* [What to work on]:
Below this line are records; transcribe exactly the lines between the one holding "9273 SW 8th" and the one holding "Best Brazilian Wax - Flowerpot Png", inclusive, and omit the pictures.

* [Dataset excerpts]:

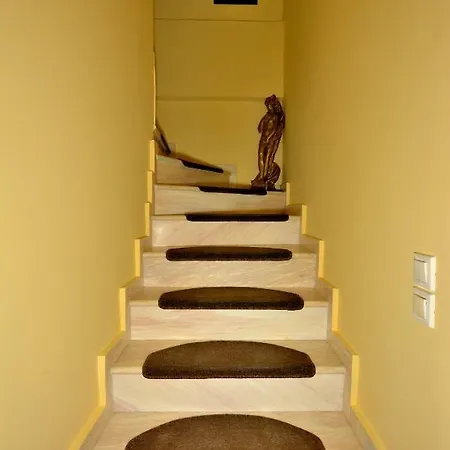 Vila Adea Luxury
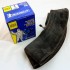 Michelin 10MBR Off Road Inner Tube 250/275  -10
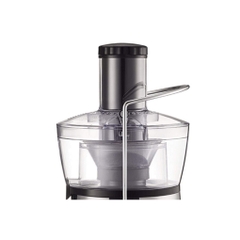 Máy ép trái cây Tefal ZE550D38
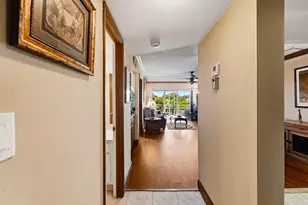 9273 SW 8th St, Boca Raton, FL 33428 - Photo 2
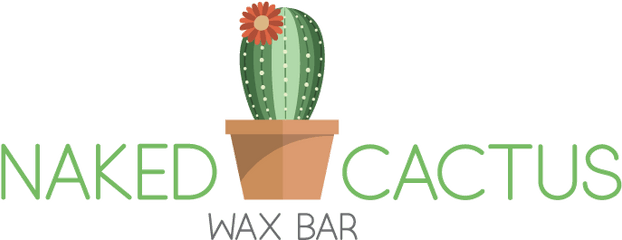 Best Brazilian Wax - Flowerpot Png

...

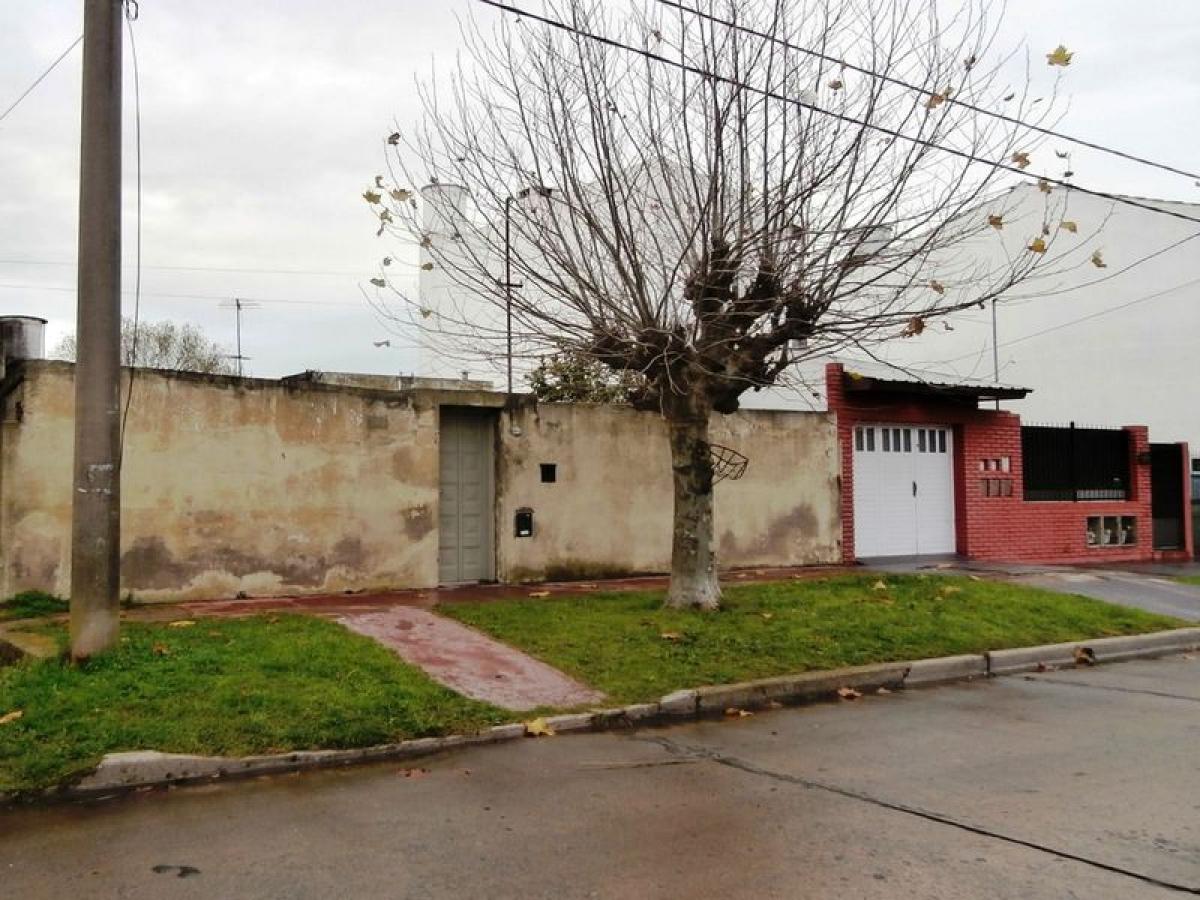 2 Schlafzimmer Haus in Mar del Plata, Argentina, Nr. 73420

...

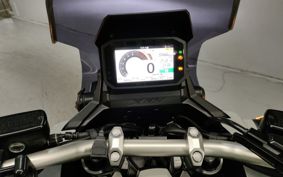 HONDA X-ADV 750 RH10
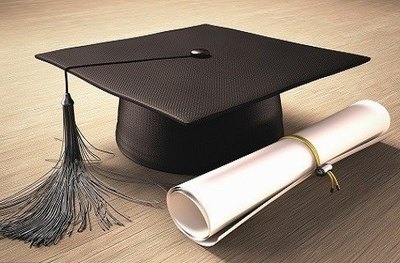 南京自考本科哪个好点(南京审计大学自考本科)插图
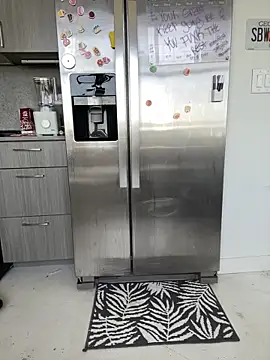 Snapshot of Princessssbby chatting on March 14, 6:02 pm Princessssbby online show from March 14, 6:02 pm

* [Problem solution]:
 9273 SW 8th St, Boca Raton, FL 33428 - Photo 2
 Best Brazilian Wax - Flowerpot Png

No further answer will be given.